Having spent some time studying the palace and its artworks, Cecily Brown created several (about 25) paintings that in her mind echo what she experienced while looking at them. The paintings and some of her sketchbooks were then arranged amongst the paintings and other objects that decorate the rooms of the palace. Was this a successful idea? My answer is both ‘yes’ and slightly more ‘no’.

The placing of her sketchbooks amongst delicate Meissen and other precious works made of porcelain was highly effective. The placing of her paintings beside paintings of established great masters of European painting was less successful for several reasons. Her paintings are fine examples of semi-abstract modern art, pleasing to the eye and capable of intriguing the viewer. Seen against the plain white walls of a commercial gallery, they would be very impressive.

However, problems begin to arise when these works are placed in rooms full of paintings and other objects of great artistic value. For example, in the Red Drawing Room there is a large picture by Sir Joshua Reynolds (1723-1792) entitled “The 4th Duke of Marlborough and his family”, painted in 1777-78. This painting includes portraits of male and female family members. Cecily Brown has created her own interpretation of this, calling it “The Children of the Fourth Duke”. It is an impressionistic version of the original in which she has omitted the male figures that appear on the original painting by Reynolds. As a painting, Brown’s image is lovely and cannot be faulted. Placing her picture next to a work by the great Reynolds is both interesting and at the same time disappointing. It is interesting to see her interpretation but her painting pales into insignificance next to the original. That said, this is one of the most successful juxtapositions of Brown’s work in the whole exhibition; the others are less so.

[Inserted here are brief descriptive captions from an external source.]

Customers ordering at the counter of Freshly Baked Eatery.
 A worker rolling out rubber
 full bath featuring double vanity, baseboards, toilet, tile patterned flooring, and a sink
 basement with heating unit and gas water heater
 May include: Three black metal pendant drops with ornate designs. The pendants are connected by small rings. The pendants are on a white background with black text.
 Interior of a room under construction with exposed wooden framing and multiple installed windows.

There are two problems I have with the exhibition. First, I found that the placing of many, but not all, of Brown’s paintings distracted me and other visitors from seeing the older artworks that live permanently in the palace. Secondly, although it is brave of Brown to place her artistic creations besides those of long-established artists who have stood the test of time, I am not sure that is entirely wise because the average viewer, and that includes me, might find that her works pale in comparison with those of great masters.  Maybe, that is the case, but it has become popular to juxtapose contemporary art and far older works to stimulate the observer into new ways of looking and thinking. I cannot yet decide whether this is a good idea. To be fair, I can think of one successful exhibition where artworks of widely differing eras have been put together harmoniously, and that is in the Cartwright Gallery in Bradford (Yorkshire).

Just as the DHE can look in two directions, or maybe four, at the same time, the exhibition (and previous similar shows) at Blenheim Palace force us to look simultaneously at at least two eras of artistic endeavour separated by time – a kind of double vision, you might say.